There was a light drizzle at the start and around 10C (50F), but the wind wasn't so bad. Other than a fairly long-ish hill about 3km from the start, the first half of the course is a net down hill from Northern suburbia (also known as North York). We ran down Yonge st and then, after a little detour toward Casa Loma, to the Bayview extension. This took us to about 18km and pretty much Lake level. My plan was to run in around 3:45 and when I got to the intersection of the Bayview Extension I found myself running with the 3:40 pace group, led by Dave The Beaches Runner. Despite an earlier traumatic experience with a pace group, I decided to stick around. Not like I had anywhere to go.

I was wearing a thin Merino base with a singlet over top and I was getting warm but I could hear the wind in the trees around us and I knew it would be cooler on the Lake shore so I decided to keep the base layer. I felt surprisingly good. At around 28km I saw Chris ahead of me, obviously in trouble since I was catching up. He had been worried about his knee all week, after running the 50 miler at Bear Mountain last weekend. I picked it up a bit and caught up with him. He confirmed that his knee was not doing well. I waited for the pace group to catch up and I ran on with them.

The pacer was really good. We held a very even pace, running at around 4:55 to 5:05/km and we walked briefly while drinking at the aid stations. I had a gel every hour, replacing Gatorade with water at that aid station. I felt strong until km 38. The CN tower still looked so friggin' far, I stepped in a huge puddle, I got elbowed in the teeth by someone who stopped cold right in front of said puddle, the wind was blowing in our face and our pacer, for some unknown reason, picked up the pace to 4:40 to 4:45/km. For a moment there, I wondered if I was going to be able to stick around. More accurately, I wondered why I should. The pacer was obviously demented.

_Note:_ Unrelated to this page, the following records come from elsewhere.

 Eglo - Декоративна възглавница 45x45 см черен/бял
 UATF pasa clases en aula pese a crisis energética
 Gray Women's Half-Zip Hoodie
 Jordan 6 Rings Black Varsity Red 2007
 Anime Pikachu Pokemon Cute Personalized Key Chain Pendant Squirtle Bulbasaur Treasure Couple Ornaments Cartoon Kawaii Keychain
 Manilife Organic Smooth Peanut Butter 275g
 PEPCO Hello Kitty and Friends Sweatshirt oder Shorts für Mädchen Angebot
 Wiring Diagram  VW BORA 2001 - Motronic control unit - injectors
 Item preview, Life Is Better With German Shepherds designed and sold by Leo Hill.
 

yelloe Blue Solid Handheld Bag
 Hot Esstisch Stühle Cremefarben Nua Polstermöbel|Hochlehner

Running too fast, all of a sudden, THE LEFT TURN! After that, it's straight up to the finish. This is sweet and sour. Sweet: we're about 3km from the finish. Sour: it's almost all uphill. Anyway, I push on and run slightly ahead of the pace group. With around 1 km to go, a girl who was running with the group catches up and we pull each other toward the finish. We finally cross the finish under 3:39:46, gun time. My chip time is 3:38:59.

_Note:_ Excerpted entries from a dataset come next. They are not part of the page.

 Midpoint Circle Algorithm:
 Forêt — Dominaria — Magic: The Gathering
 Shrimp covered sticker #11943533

That was a sweet race. I did better than planned. I never got bored. I was sufficiently prepared. I didn't bonk. And finally, it also reminded me that there is such a thing as having fun in a marathon.

Tuesday, May 10, 2011

One Step Back

After running Pick Your Poison on a slightly injured left calf, I decided to give it a rest last week. Even walking on it on Sunday and Monday was a pick painful, so I didn't run on it until Friday and then only for 7 or 8 km. I was afraid that without a break, that injury would linger until Mohican and haunt me for the entire race.

Taking a week off 6 or 7 weeks before a 100 miler is mentally difficult. I knew I was doing the right thing, but I know that my mileage hasn't been as high as it should have been. On the other hand, the last two races have been pretty hard and I've stretched them out to over 7 hours so I do have decent time-on-my-feet.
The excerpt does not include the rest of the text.